--- Input material ---

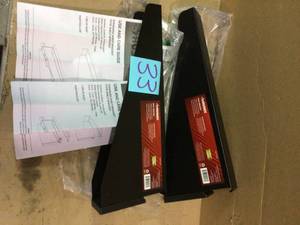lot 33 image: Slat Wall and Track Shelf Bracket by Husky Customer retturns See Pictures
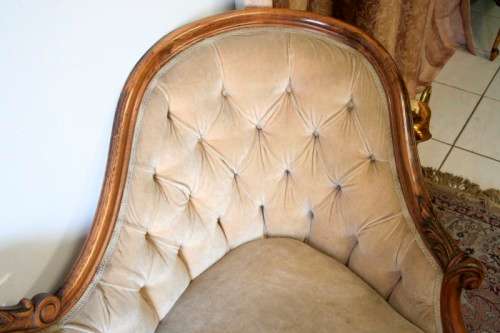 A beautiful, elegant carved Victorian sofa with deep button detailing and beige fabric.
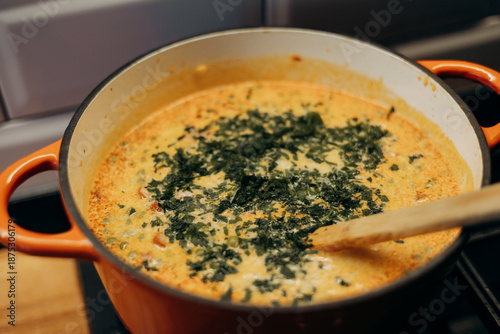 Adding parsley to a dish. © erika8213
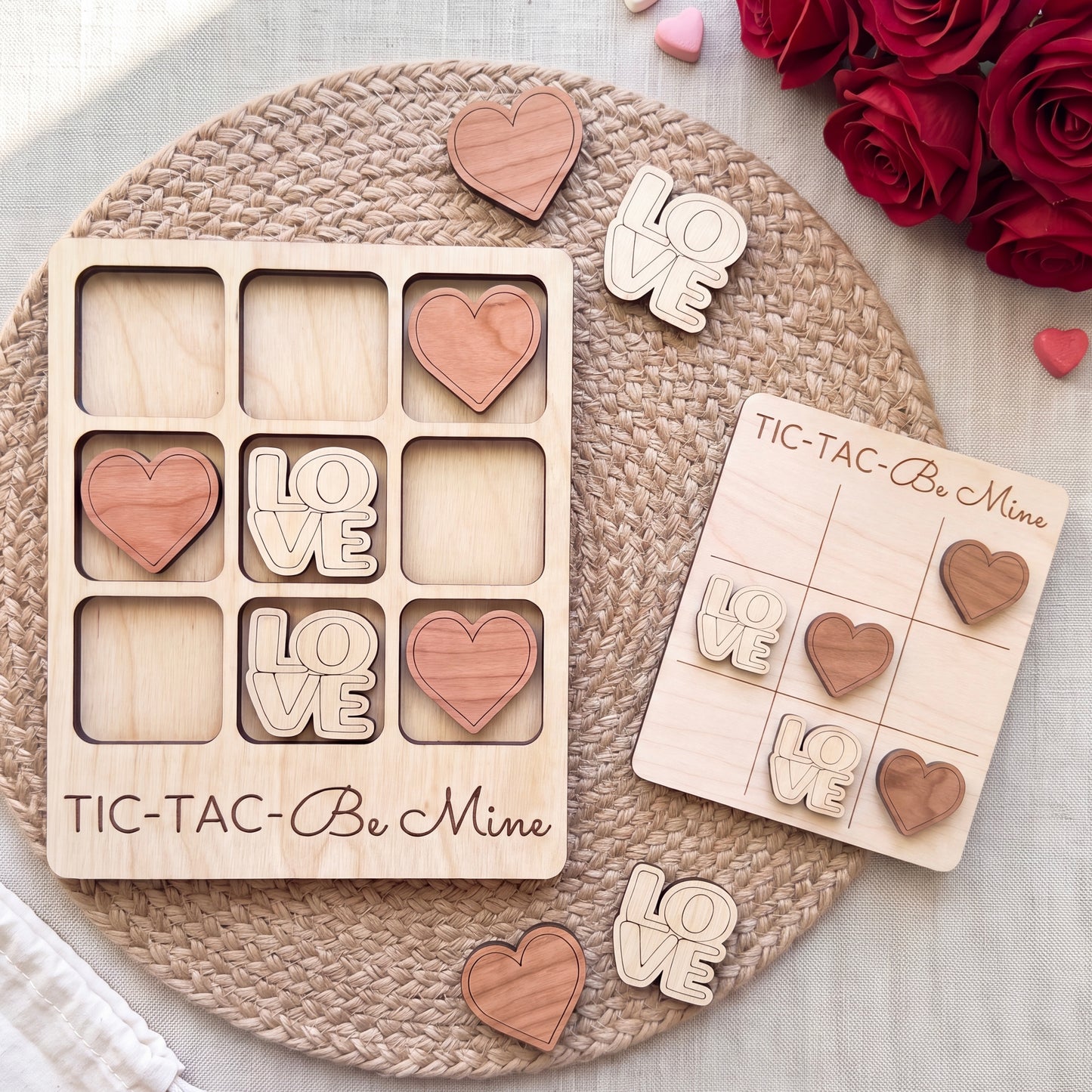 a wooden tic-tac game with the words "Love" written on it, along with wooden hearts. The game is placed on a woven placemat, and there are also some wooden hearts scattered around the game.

---
--- Input material ---

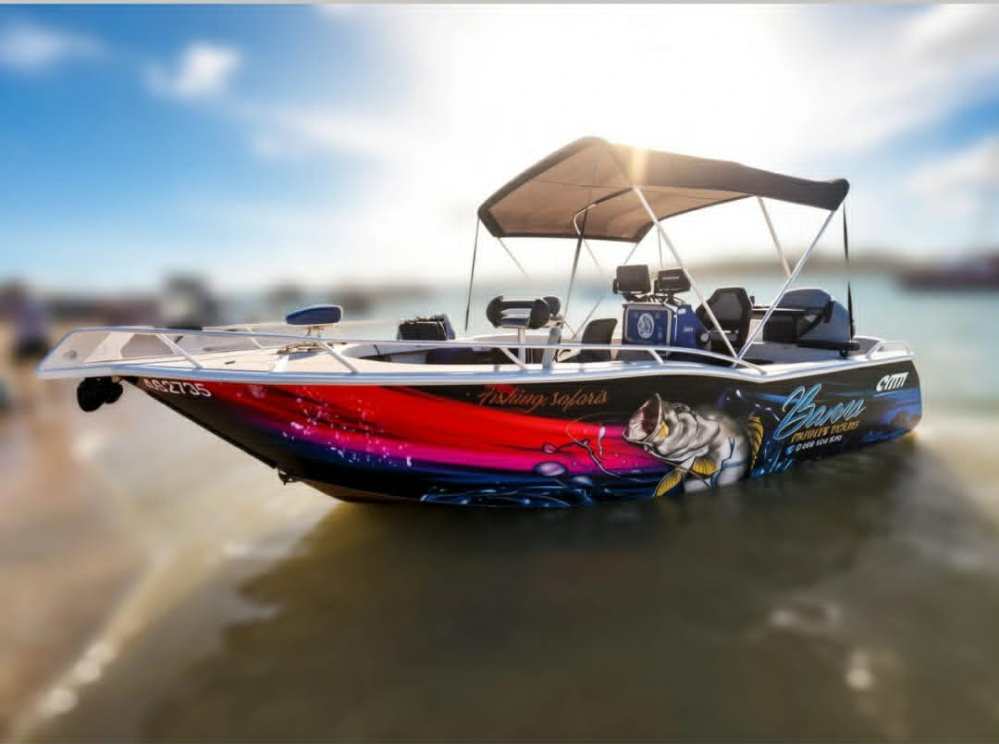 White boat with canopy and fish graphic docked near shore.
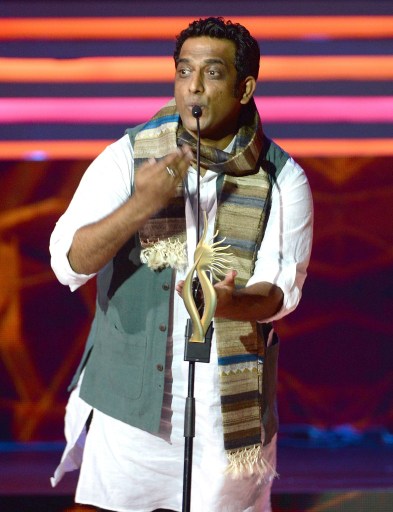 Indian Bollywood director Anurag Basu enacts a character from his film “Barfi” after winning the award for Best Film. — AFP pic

---

The problem
When copying from the data above, begin at the line containing "A beautiful, elegant" and end at the line containing "a wooden tic-tac"; return those lines exactly and leave all pictures behind.

Solution to this task
 A beautiful, elegant carved Victorian sofa with deep button detailing and beige fabric.
 Adding parsley to a dish. © erika8213
 a wooden tic-tac game with the words "Love" written on it, along with wooden hearts. The game is placed on a woven placemat, and there are also some wooden hearts scattered around the game.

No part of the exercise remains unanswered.